ST. LOUIS — Nobody is to blame for the murder of 7-year-old Dmyah Fleming and her father but the person who pulled the trigger.
That’s the message Dmyah’s family has for the killer – who is still at large – and people commenting on social media blaming her father, 26-year-old Darrion Rankin-Fleming for her death.
“How could you say it’s his fault his daughter is dead?” asked Selena Johns, Dmyah’s great aunt. “It’s not his fault he picked his daughter up to bring her home.
“He’s supposed to be a father, be in her life…No father should pick up their child up and drop them off if that’s the case. He’s not the reason. The guy who pulled the trigger is the reason Dmyah is dead…The world feels this tragedy. This is a child. She’s innocent. She never did nothing to nobody.”
Tears streamed down Johns’ face and she shook with emotion during an interview with 5 On Your Side Tuesday.
A gunman opened fire on Dmyah and her father as they sat inside Rankin-Fleming’s car at about 8 p.m. Sunday in the 4000 block of Laclede. Police found cash and a gun inside Rankin-Fleming’s car, according to sources familiar with the investigation.
He also had warrants for unlawful use of a weapon and resisting arrest stemming from an incident in Breckinridge Hills, and a warrant from the U.S. Marshals for possession of a weapon, according to the sources.
Johns said Rankin-Fleming was no longer with her niece, Dmyah’s mother, but the two co-parented together. He never missed his daughter’s birthday, her first days of school or an important moment, she said.
“If he was your target, why did you hurt her?” Johns said. “She didn’t deserve that.
“They always think a kid can identify them but when a child is traumatized like that, all they see is a gun and hear the shots.”

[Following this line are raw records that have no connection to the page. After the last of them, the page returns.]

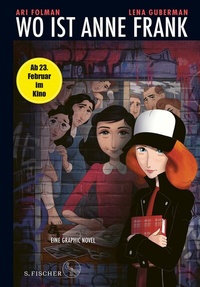Abbildung von: Wo ist Anne Frank - Eine Graphic Novel - S. Fischer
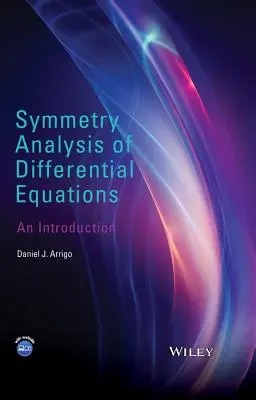 Analiza simetrică a ecuațiilor diferențiale: O introducere - Symmetry Analysis of Differential Equations: An Introduction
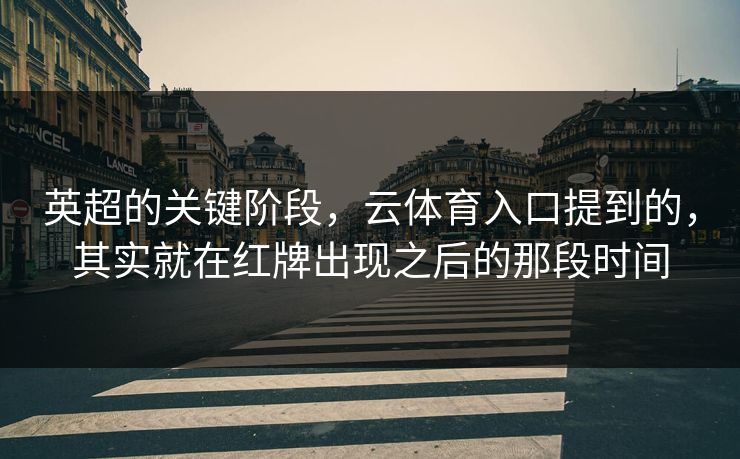 英超的关键阶段，云体育入口提到的，其实就在红牌出现之后的那段时间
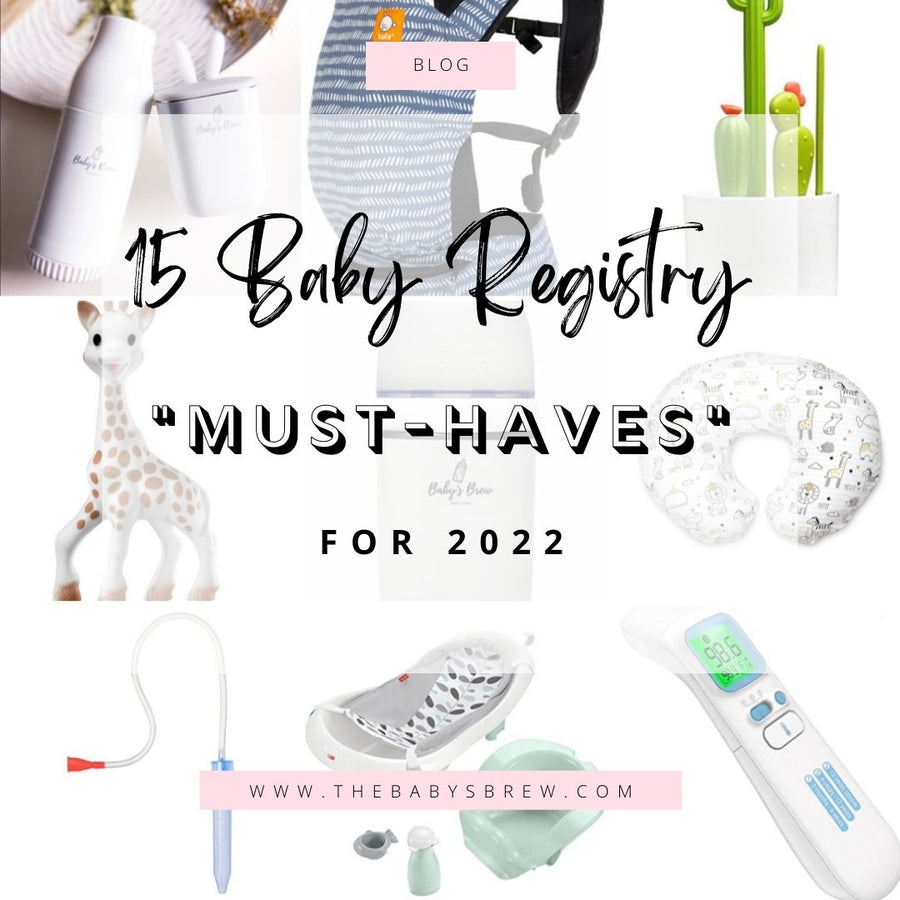 15 Baby Registry Must Haves for 2022 - The Baby's Brew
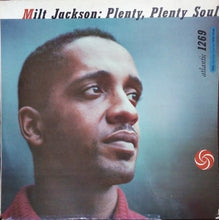 Carica l'immagine nel visualizzatore di Gallery, Milt Jackson : Plenty, Plenty Soul (LP, Album, Mono, Bla)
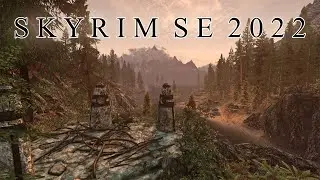A New Story - Skyrim SE Mod List 2022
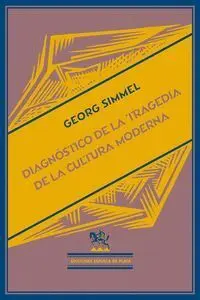Diagnostico de la Tragedia de la Cultura Moderna 2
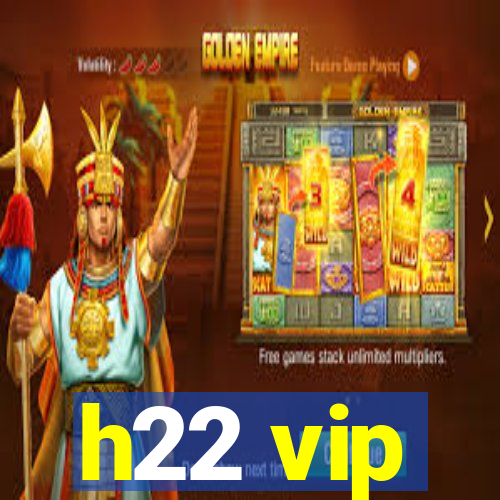 h22 vip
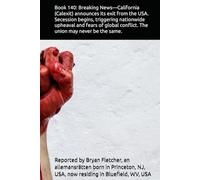 Book 140: Breaking News-California (Calexit) announces its exit from the USA. Secession begins, triggering nationwide upheaval and fears of global conflict. The union may never be the same.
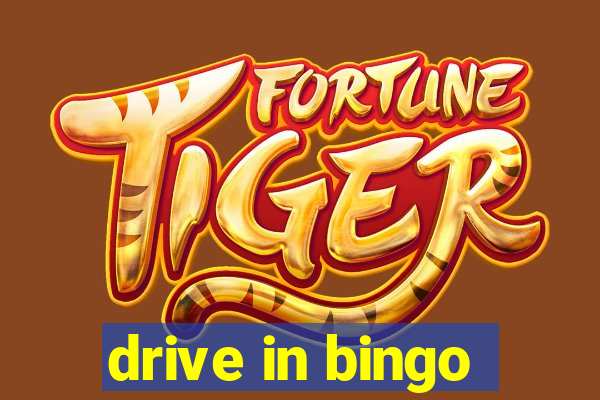 drive in bingo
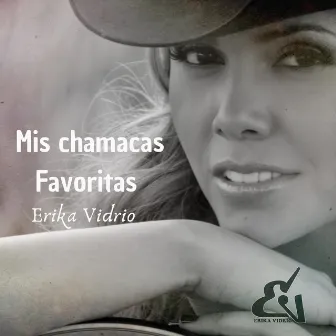 Mis Chamacas Favoritas by Erika Vidrio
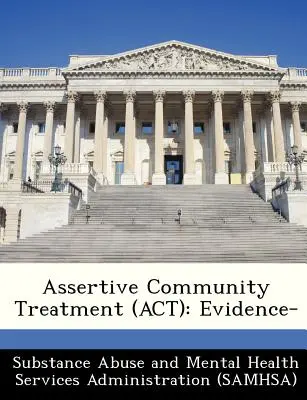 Asertivní komunitní léčba (ACT): Evidence- - Assertive Community Treatment (ACT): Evidence-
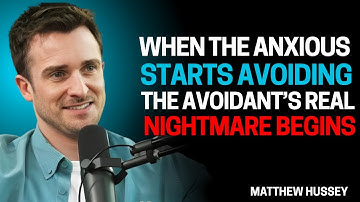When the Anxious Starts Avoiding – The Avoidant’s Real Nightmare Begins | Matthew Hussey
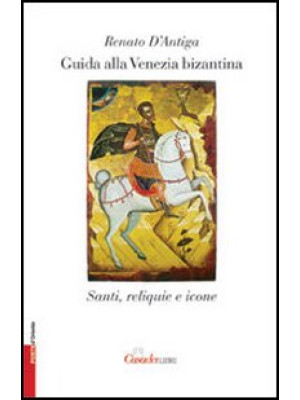 Guida alla Venezia bizantin...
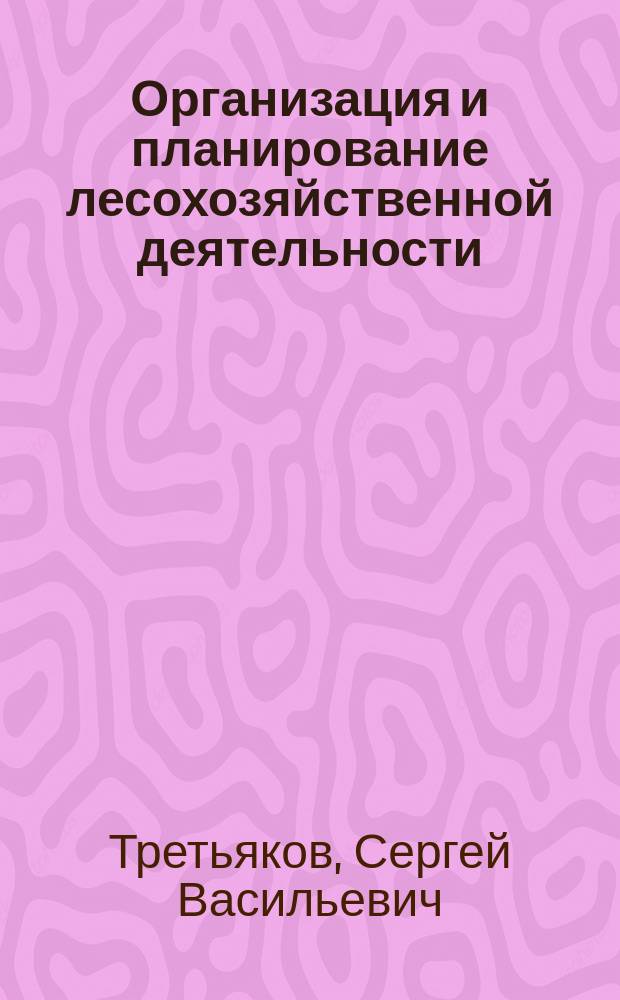 Организация и планирование лесохозяйственной деятельности : методические указания к выполнению практических заданий и курсовой работы : для студентов, обучающихся по направлению подготовки 35.03.01 Лесное дело очной и заочной форм обучения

She said Rankin-Fleming had just stopped at his house in the Central West End Saturday night to get a PlayStation 5 he had bought his daughter. He was about to bring her back to her mother’s house – but they never made it.
“We don’t even think they made it in the house because the PS5 and all that stuff was still in the house,” Johns said.

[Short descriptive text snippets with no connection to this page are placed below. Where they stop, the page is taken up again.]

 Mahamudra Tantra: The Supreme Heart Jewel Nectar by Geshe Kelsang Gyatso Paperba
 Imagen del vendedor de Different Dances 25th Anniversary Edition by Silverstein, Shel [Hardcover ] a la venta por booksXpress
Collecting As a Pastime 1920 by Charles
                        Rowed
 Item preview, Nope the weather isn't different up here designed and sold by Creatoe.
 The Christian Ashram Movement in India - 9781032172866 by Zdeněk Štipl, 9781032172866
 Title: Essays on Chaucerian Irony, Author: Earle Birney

She said the family called Dmyah ‘Ola’ -- short for old soul, because she would say and notice things most kids her age didn’t.
Recently, one of her teachers at Confluence Academy was having a bad day. Dmyah was the only one who noticed. She took her teacher’s face in her hands and comforted her, said her mother, Janiece Johns.

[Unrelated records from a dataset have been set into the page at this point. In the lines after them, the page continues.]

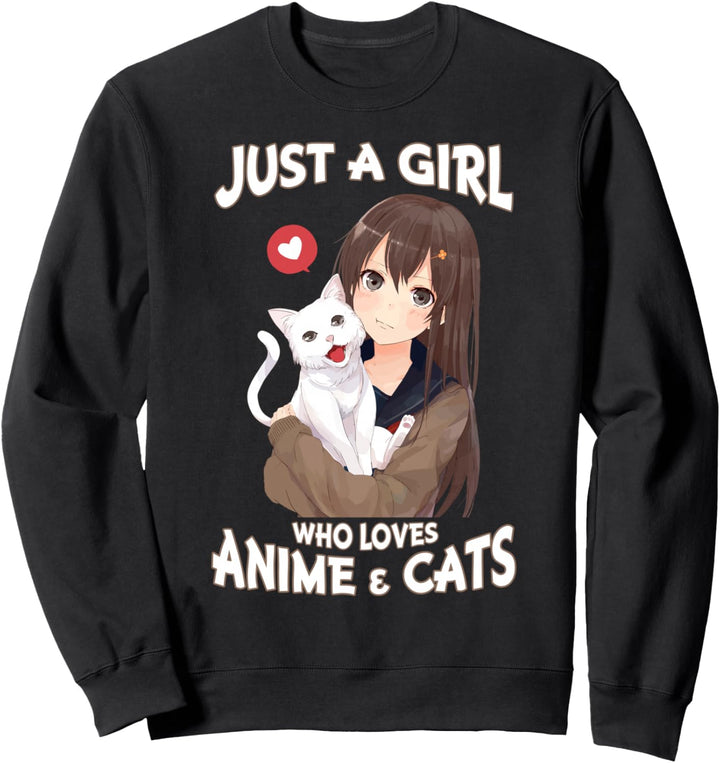 Just A Girl Who Loves Anime & Cats Nette Katze Anime Mädchen Sweatshirt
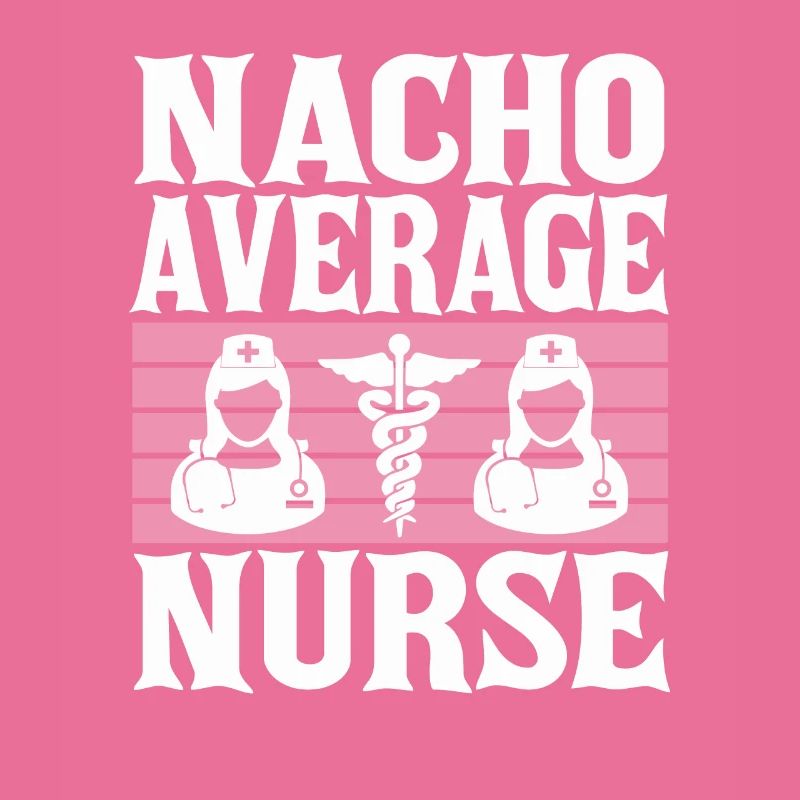 Nacho Average Nurse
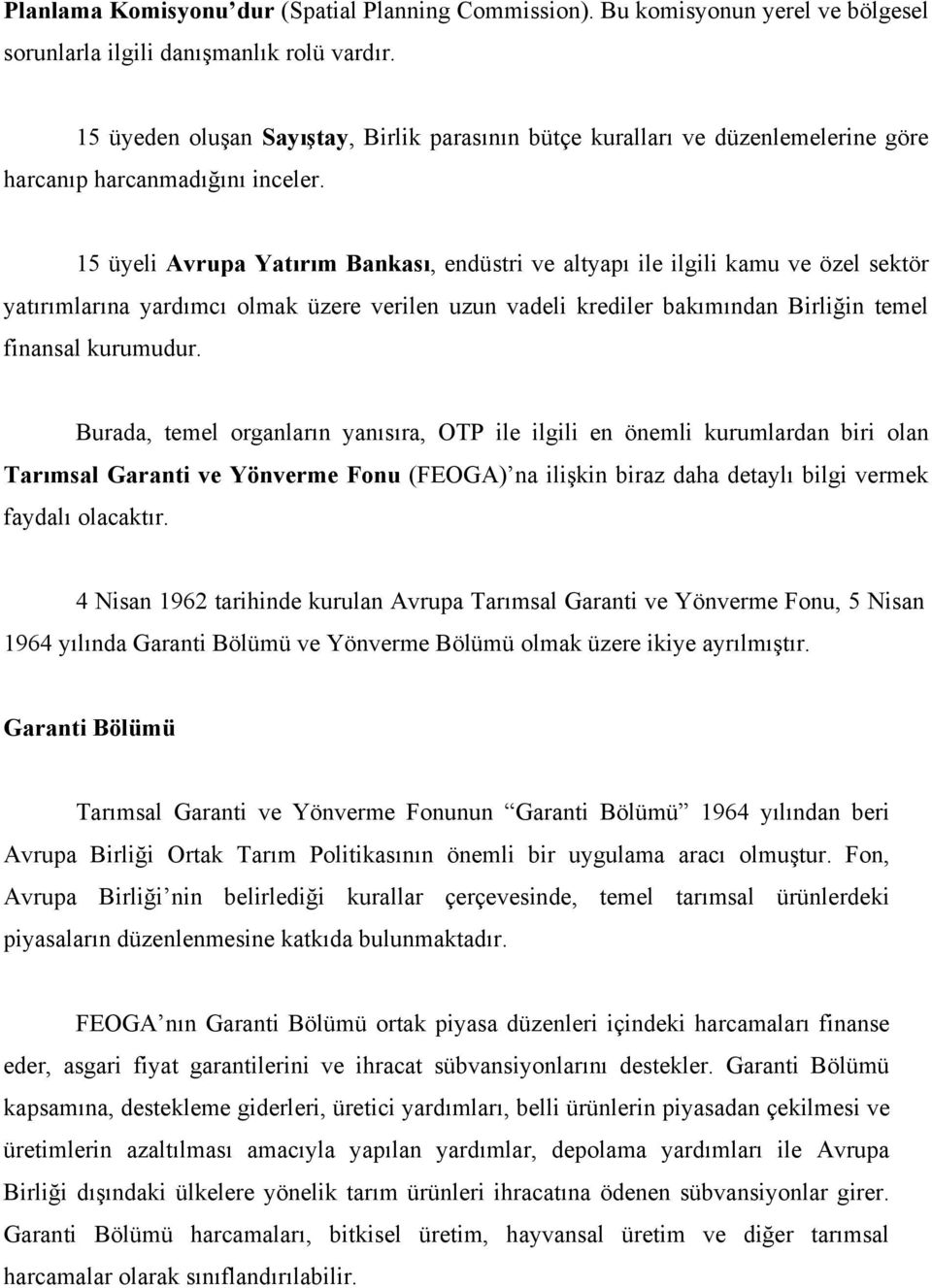 15 üyeli Avrupa Yatırım Bankası, endüstri ve altyapı ile ilgili kamu ve özel sektör yatırımlarına yardımcı olmak üzere verilen uzun vadeli krediler bakımından Birliğin temel finansal kurumudur.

Janiece Johns was too distraught to do an interview, so she asked her mother's sister to speak on her behalf.
Dmyah was also terrified of guns, or any loud noises. She hated the Fourth of July. And she would run if she ever heard any popping noises, Selena Johns said.
“If he was your target, why did you hurt her?” Johns said. “When it happened to him and she heard it, she was so scared, we know she was so scared because she is terrified of guns.
“We could have lived with her being traumatized, being there seeing this happen to her father, but to do it to her? You didn’t have to do it to her. How could you do that to her? She was just a baby.”
Johns said Dmyah had two younger half-sisters, and wore her title as big sister proudly. She spent her last weekend on earth baking cakes with her father’s mother. She had plans to sell them for $5 each.
“Three dollars if you were family,” Johns quipped.
Dmyah was her paternal grandmother’s first grandchild, and her father was her first child.
“Our families are going through a whole lot right now,” Johns said.
The only thing helping the families through the days that have since passed is prayer, she said.
“He might be hiding now, but God sees where he’s at, and trust me, He’s trailing him,” Johns said. “I hope you have a heart and turn yourself in, but if not, God will bring justice.”
Police are asking anyone with information to call CrimeStoppers at 866-371-8477.